But this one… it was different.
It wasn't the rules. Those were almost laughably simple: follow the trail of lights through a hall of mirrors and reach the end before time runs out.
No, the danger wasn't the trap.
It was the mirrors.
And the sound of your glasses hitting the floor.
You'd been turning a corner when it happened—someone slammed into you in a panic, and the frame snapped right off your face, skittering somewhere into the maze of reflections. You dropped to your knees, hands scrambling blindly.

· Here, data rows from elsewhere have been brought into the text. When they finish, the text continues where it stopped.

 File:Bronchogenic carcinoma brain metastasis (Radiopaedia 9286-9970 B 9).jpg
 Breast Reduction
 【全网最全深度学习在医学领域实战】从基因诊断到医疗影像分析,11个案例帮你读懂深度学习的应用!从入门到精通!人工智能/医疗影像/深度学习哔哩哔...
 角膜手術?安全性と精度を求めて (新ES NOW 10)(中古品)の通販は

But all you found were glass shards.
Your glasses were gone. And you were effectively blind.
The world warped. Mirrors became illusions. Lights blurred together into meaningless halos. You could barely tell where one corridor ended and another began.
You were done for.
Until she arrived.
A laugh echoed through the mirrored halls—light, melodic, and unmistakably amused.

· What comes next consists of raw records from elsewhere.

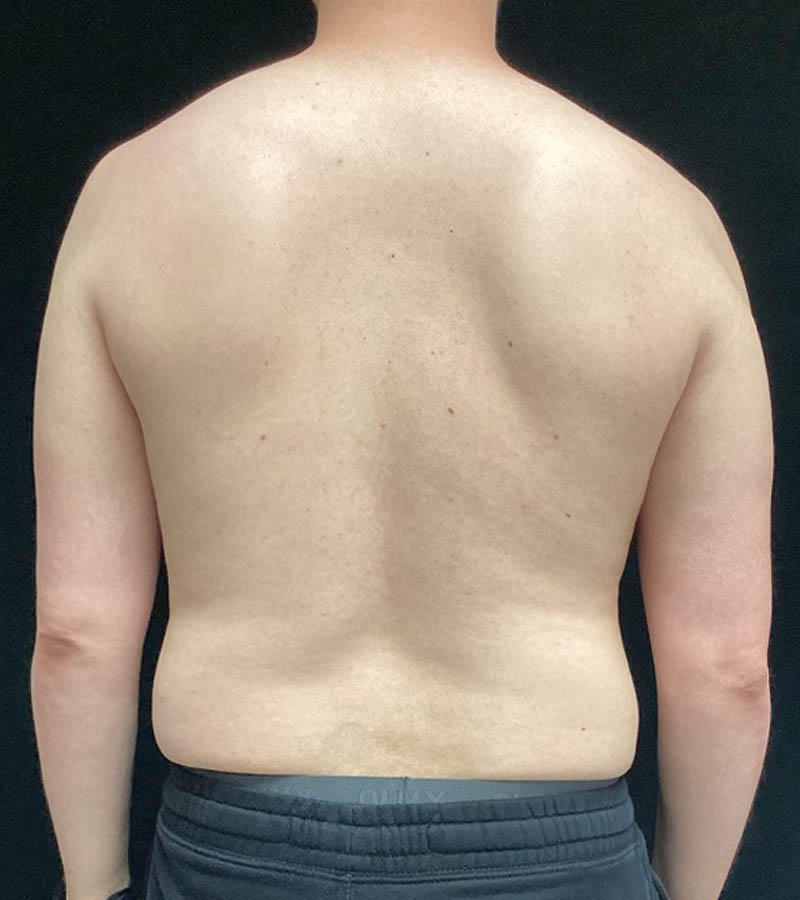 Gynecomastia case #5117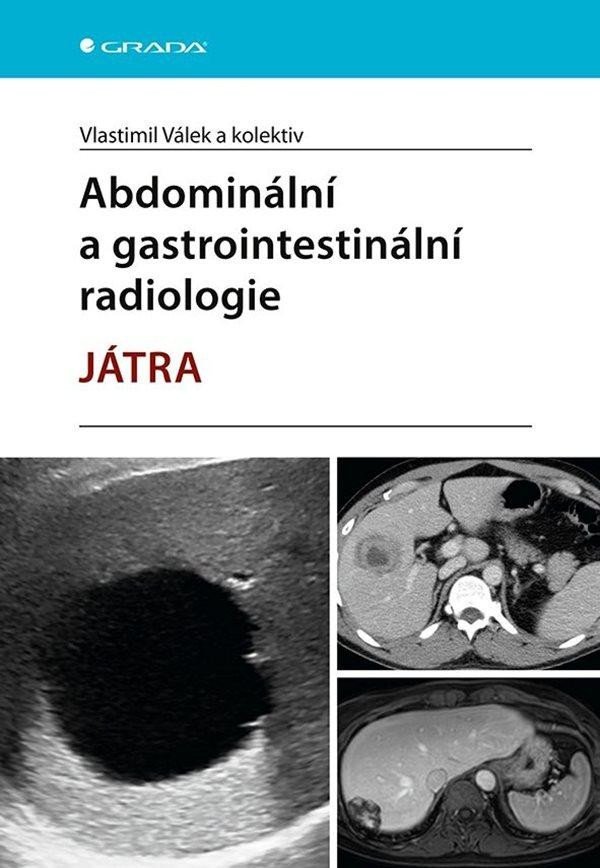 Levně Abdominální a gastrointestinální radiologie - Játra - Vlastimil Válek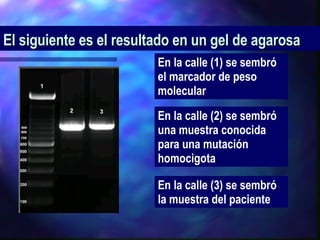 El siguiente es el resultado en un gel de agarosa   En la calle (1) se sembró el marcador de peso molecular En la calle (2) se sembró una muestra conocida para una mutación homocigota En la calle (3) se sembró la muestra del paciente  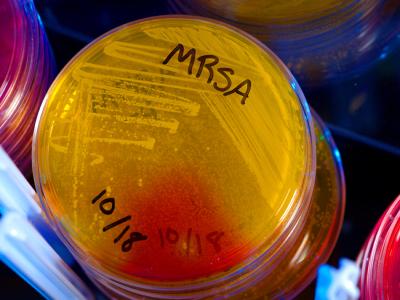 MRSA plates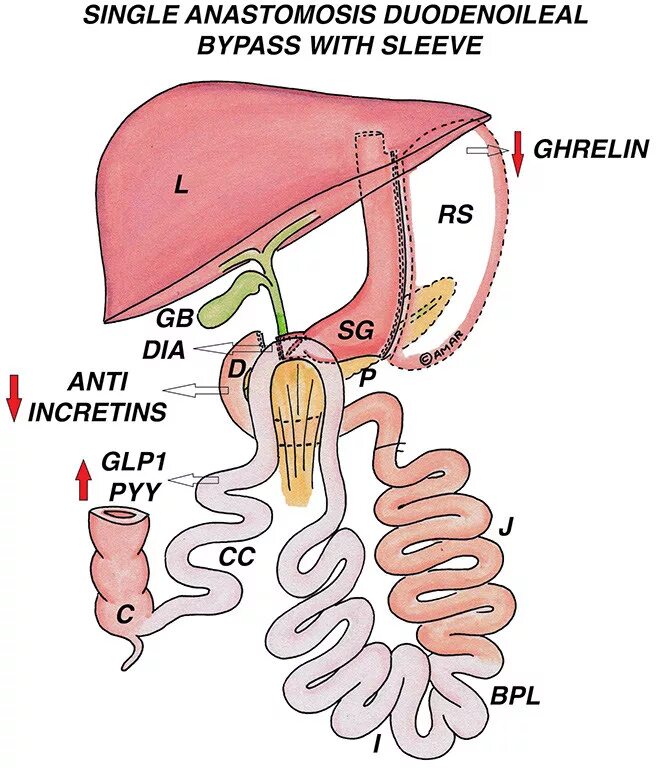 Анастомоз пищевода. Бариатрическая операция Sadi что это.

"You poor thing," came Mira's voice. "Stumbling through a puzzle meant for sighted minds. How tragic... and yet, so very entertaining."
You froze, turning your head toward the sound.
"Mira?"
Another giggle. Then her silhouette appeared—reflected and multiplied across a dozen mirror panes, each slightly out of sync.

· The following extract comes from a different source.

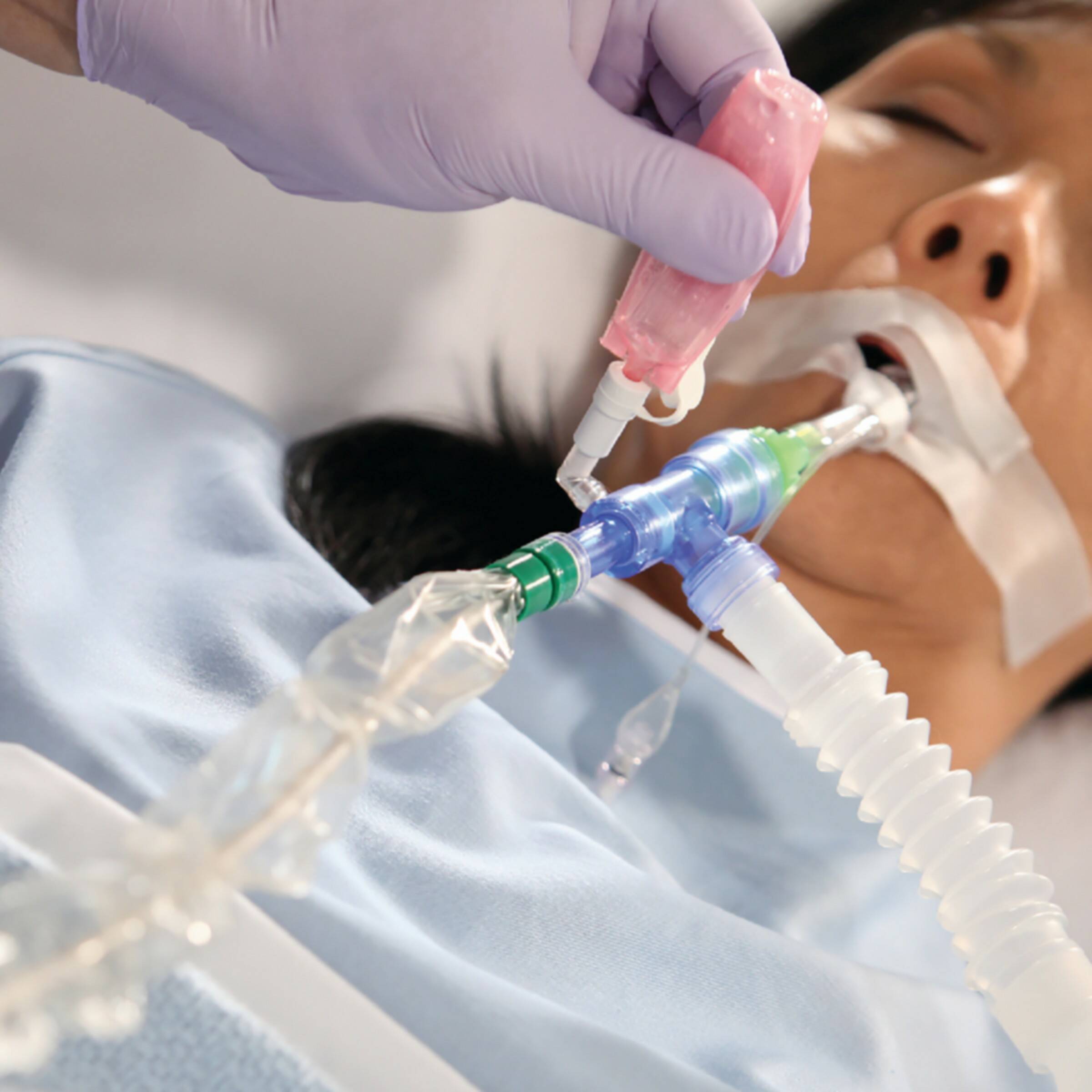 Endotracheales Absaugen: Invasiver Eingriff mit Risiken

"Would you like help?" she asked, appearing directly beside you now, her heels clicking softly on the marble. "Or would you rather keep crawling in the dark?"
"I…" you hesitated. "I can barely see."
"Yes," she said with a smile in her voice. "I noticed."
A soft hand reached out and took yours.
Mira led you through the maze with terrifying ease, whispering directions like riddles. Sometimes her voice came from behind. Sometimes beside you. Her grip never wavered.
"Left. No, not that left—my left." "Duck. There's a low beam ahead. Well, I assume it's ahead." "Oh, did you flinch? You're adorable when you're afraid."
You didn't know whether she was mocking you or helping you because she was genuinely invested. Maybe both.
But she never let go.
And when the game ended—seconds before the final buzzer—she tugged you into the last chamber with an effortless flourish, as if this had all been planned.
Back at the lounge of the Beach, the high of survival wore off. Your hands still trembled, your eyes strained. Mira sat across from you, legs elegantly crossed, swirling a glass of wine she'd somehow conjured up from nowhere.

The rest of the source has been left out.